Unfortunately, you'd have to buy into an erroneous stereotype of conservative women as shrinking violets not to be annoyed by the article. But here's the gist of it:
Megyn Kelly's confrontation with Gingrich is a distillation of this looming battle between Republican men and women. While Kelly herself identifies as independent, she's long been recognized as the conservative network's rising star. The Kelly File gets the second-highest ratings overall for Fox News (after The O'Reilly Factor) and it's the most-watched show in its time slot. As Ailes said himself in a profile of Kelly in The New York Times Magazine last year, "we've been on the air for 18 years. She shows up, and in one year goes to No. 2 and close to No. 1. That is an astounding accomplishment. Before this is over, she may be bigger than anybody."

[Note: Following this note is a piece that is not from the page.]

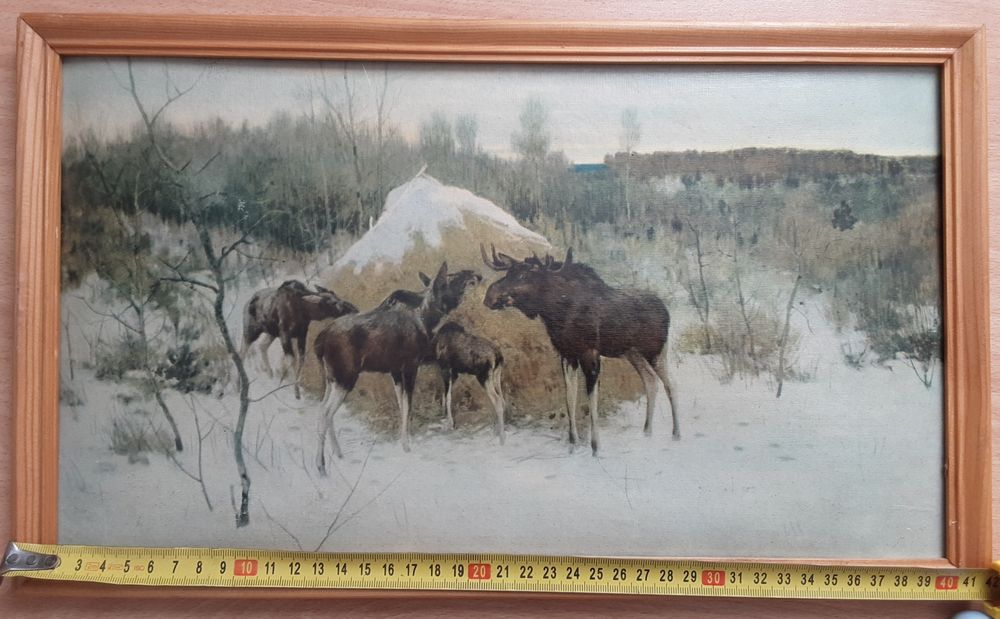 Картина 《Оттепель 》и ( Лоси)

Kelly's willingness to confront Trump on his treatment of women early in the election cycle provoked the candidate to remark that she had "blood coming out of her whatever" and call for a boycott of her show. Asked about this in April, Kelly called the boycott ineffective, laughed at Trump's claims that she owed her ratings to him, and threw in a veiled reference to her own hostile work environment, which would three months later result in Ailes' ouster.
. . .
What's made Kelly an asset to any network is her ability to remain an unflappable and even scornful authority when confronted with increasingly hysterical Republican men. Kelly watched as Karl Rove babbled that that his data somehow trumped the 2012 election results and asked, "Is this just math that you do as a Republican to make yourself feel better, or is this real?"
. . .
But Kelly's ability to stay cool and sardonic in the face of attacks like these is only part of her appeal. We are in a moment in which Republican men, forced to defend the indefensible, are electing to minimize issues that are currently of immense importance to conservative women.
But the article never mentions any issues that are of immense importance to conservative women–you know, like the economy, jobs, religious liberty, and family issues.
The author of the article is Lili Loofbourow, culture critic at TheWeek.com. Intriguingly, she is also a editor of a Bloomsbury Academic series "dedicated to formally experimental criticism." She is a veteran contributor to such publications as The Guardian, Salon, The New York Times Magazine, The New Republic, and Slate.
She seems to believe that the essence of the new conservative woman is standing up to bullying conservative men. Donald Trump's ugly remarks about women give some unfortunate credence to the liberal critique of conservative men (and he has, alas, probably brought back the gender gap, which seemed at long last about to face–but that is a topic for another post). But by and large it is a phony stereotype and conservative women who speak their minds are by no means a new phenomenon.
It's not taking anything away from Megyn Kelly, who is a smart, tough interviewer, to say that the women of IWF have been speaking our minds for years, always willing to take on difficult issues, and woe unto anyhbody who dares to try to bully us.